One of the greatest causes is lack of public funding: as a proportion of GDP, the World Bank estimates that state expenditure on healthcare approaches 4%, relative to 7% to 10% in many Western economies. Most people still pay for medicine out of pocket and, by calculation of pharmaceutical research group IMS Health, drugs sold through retail constitute 70.1% of sales. Furthermore, 'prevention,' a notion well worn in the West, is only now coming to popularity in Russia.Therein lies the woe; therein lies the good. Nycomed Russia's president Jostein Davidsen points out, "There is a long way to go. But by looking at all of this, you can see that as a healthcare company, these are all upsides. These are all growth opportunities." It's rather a matter of making lemonade. Every year, companies can well expect to reach more patients, bring new products to the market, and broaden participation as state reimbursement becomes better funded. Celgene's country manager Victor Ferkovich, to wit: "Russia is one of the best places in the world for the pharmaceutical industry to help patients."
Failing healthcare is not only a social problem, but an economic problem, as well. So too is an undiversified economy. Finance Minister Alexei Kudrin declared in a 2010 Moscow news conference that oil and gas accounts for 25% of the Federation's GDP, and that the number must fall to 14% within 10 years. In the pharmaceutical sector, this means giving up a decades-old reliance on imports, which in 2010 approached 75% of drugs sold, according to domestic market research group Pharmexpert. As Viktor Geisler, country division head of Bayer Healthcare in Russia, maintains, it is perfectly reasonable that Russia should want to conceive a true domestic pharmaceutical industry: "You may call it strategic interest, or, more simply, you may say that a developed country with over 140 million inhabitants deserves its own pharma industry." In response, the authorities are taking sweeping, ambitious action.

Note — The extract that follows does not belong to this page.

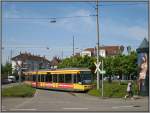 Die Wendeschleife am Tivoli in der Karlsruher Sdstadt, aufgenommen am 04.05.2008 zusammen mit dem Niederflur-Tw 265.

Again, again, therein lies the good! Russia's GDP growth—4% in 2010 (World Bank)—is nothing to sound the trumpets about—at least not today. But its pharmaceutical market, currently valued at 14.8Bn USD, easily outpaces world growth rates. (Globally, IMS Health expects a 5-8% compound annual growth rate through 2014.) This year is looking up: to quantify, Pharmexpert forecasts 15-21% growth in 2011. While some are less optimistic, barring disaster, a minimum growth rate of 11% is all but guaranteed—the charming 'BRIC' double digits.
Ivan Blanarik, managing director of Boehringer Ingelheim in Russia, speaks to what the entire industry believes. "I think the one logical headline, for emerging markets, and Russia, is, simply, 'Growth,'" he says.
Reckitt Benckiser Russia general manager Bruno de Labarre is a bit more blithe: "In a Western European country, you might oscillate between -2% and +2% growth, and perhaps you are a hero if you grow the business by 2.5 percent. What is the fun in that?"